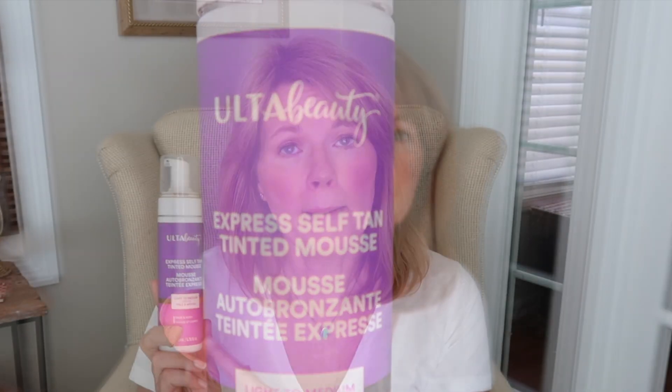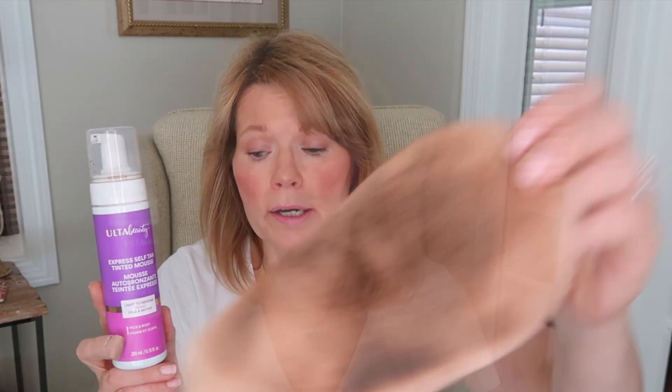Since I was just talking about pre-self-tan prep, let me share a self-tanner that I'm considering a fail. This is the Ulta Beauty Express Self Tan Tinted Mousse in light to medium. Up until trying this I had never used a self-tanner with a color guide — I've always used a white lotion. The color guide in the light-to-medium shade is very dark. You can see it on my application mitt — it's pretty dark.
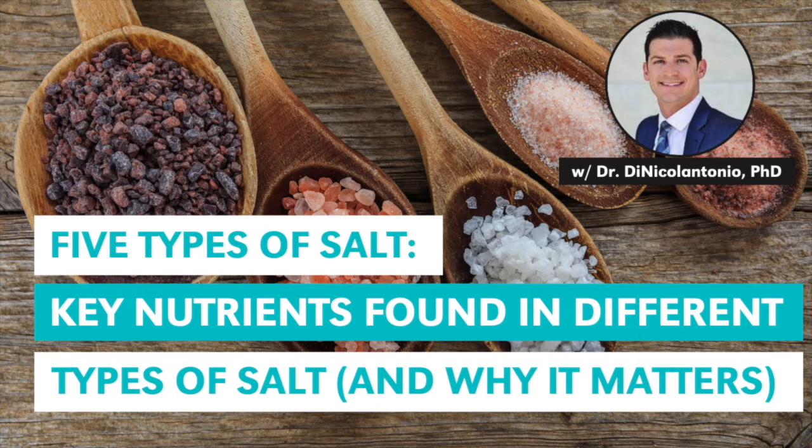I thought that was fantastic. It really blew me away — the different forms of salt and other ones that are richer in calcium and iron. Incredible summary of all that information. Something else that you touched on in your book, which surprised me, was low salt diets and the impact on things like libido and fertility. Can you give folks an idea of what's going on there?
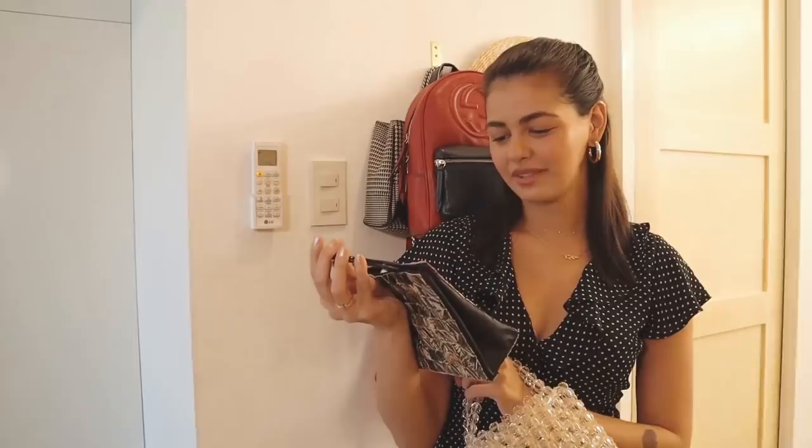Thanks for coming with me on my closet tour, guys. I hope you had fun! If there's anything else you want to see, let us know in the comments section. See you in the next video — bye!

### EXERCISE GOAL
The expected result is the data above in exact form, free of pictures.

### OUTPUT OF THE EXERCISE
Since I was just talking about pre-self-tan prep, let me share a self-tanner that I'm considering a fail. This is the Ulta Beauty Express Self Tan Tinted Mousse in light to medium. Up until trying this I had never used a self-tanner with a color guide — I've always used a white lotion. The color guide in the light-to-medium shade is very dark. You can see it on my application mitt — it's pretty dark.
I thought that was fantastic. It really blew me away — the different forms of salt and other ones that are richer in calcium and iron. Incredible summary of all that information. Something else that you touched on in your book, which surprised me, was low salt diets and the impact on things like libido and fertility. Can you give folks an idea of what's going on there?
Thanks for coming with me on my closet tour, guys. I hope you had fun! If there's anything else you want to see, let us know in the comments section. See you in the next video — bye!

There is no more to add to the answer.